#### Brief
Say nothing but the number of lines below in which the string "recent" appears.

------------------------------------

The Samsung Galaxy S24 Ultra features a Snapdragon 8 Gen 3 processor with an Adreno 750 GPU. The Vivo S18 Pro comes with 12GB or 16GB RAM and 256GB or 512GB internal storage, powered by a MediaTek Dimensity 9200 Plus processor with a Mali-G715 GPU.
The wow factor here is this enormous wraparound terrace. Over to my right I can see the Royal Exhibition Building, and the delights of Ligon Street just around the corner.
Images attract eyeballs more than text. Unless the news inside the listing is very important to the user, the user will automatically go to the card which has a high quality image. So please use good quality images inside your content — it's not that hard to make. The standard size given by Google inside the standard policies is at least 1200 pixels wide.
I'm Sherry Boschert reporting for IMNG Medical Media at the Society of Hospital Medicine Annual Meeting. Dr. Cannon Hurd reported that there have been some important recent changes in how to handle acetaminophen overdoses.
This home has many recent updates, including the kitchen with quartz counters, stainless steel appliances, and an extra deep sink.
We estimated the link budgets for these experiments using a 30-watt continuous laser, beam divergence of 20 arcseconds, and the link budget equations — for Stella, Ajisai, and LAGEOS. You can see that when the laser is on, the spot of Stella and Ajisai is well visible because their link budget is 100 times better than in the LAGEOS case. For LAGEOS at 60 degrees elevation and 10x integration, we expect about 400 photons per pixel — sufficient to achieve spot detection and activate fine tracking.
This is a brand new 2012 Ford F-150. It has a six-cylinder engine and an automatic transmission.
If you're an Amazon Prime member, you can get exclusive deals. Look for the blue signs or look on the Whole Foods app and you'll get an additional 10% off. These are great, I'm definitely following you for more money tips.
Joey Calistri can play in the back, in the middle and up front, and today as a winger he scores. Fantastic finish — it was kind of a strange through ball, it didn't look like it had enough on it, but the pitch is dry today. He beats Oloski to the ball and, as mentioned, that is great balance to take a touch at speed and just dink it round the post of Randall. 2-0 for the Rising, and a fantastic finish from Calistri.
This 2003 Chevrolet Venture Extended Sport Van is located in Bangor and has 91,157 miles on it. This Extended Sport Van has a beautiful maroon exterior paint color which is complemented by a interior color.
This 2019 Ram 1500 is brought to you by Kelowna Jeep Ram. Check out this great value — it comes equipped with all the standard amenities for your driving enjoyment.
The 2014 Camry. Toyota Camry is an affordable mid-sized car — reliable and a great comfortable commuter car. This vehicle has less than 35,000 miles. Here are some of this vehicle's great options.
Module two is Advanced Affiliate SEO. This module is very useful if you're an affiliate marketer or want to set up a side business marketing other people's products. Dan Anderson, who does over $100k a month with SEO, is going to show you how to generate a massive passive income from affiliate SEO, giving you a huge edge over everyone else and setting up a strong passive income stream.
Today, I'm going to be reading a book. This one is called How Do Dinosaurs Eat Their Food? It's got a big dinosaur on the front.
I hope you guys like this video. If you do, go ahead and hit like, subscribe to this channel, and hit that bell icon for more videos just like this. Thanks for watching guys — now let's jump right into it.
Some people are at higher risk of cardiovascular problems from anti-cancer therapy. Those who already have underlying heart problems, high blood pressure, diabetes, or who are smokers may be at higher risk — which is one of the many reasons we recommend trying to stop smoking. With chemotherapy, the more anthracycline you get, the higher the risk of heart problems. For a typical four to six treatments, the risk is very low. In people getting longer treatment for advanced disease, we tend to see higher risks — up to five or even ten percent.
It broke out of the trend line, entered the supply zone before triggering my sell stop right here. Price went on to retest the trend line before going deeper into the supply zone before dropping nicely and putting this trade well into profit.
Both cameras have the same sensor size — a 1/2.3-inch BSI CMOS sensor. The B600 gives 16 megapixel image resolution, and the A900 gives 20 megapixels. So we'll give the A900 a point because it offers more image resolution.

------------------------------------

#### Task solution
2